## Problem to solve:
Collect all lines containing the word "bedrooms" from the data.

----

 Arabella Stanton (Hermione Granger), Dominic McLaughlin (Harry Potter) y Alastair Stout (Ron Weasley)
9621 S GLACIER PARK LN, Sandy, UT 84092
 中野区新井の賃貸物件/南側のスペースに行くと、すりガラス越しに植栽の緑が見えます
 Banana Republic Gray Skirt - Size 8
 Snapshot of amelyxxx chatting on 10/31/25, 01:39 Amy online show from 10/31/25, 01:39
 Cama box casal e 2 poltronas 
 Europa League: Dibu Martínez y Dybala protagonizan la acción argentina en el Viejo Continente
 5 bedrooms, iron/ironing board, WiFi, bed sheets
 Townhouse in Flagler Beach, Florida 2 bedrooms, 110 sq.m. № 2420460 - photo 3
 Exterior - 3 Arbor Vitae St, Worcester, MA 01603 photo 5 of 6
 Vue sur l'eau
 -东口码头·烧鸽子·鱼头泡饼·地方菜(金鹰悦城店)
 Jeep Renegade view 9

----

## Finished task:
 5 bedrooms, iron/ironing board, WiFi, bed sheets
 Townhouse in Flagler Beach, Florida 2 bedrooms, 110 sq.m. № 2420460 - photo 3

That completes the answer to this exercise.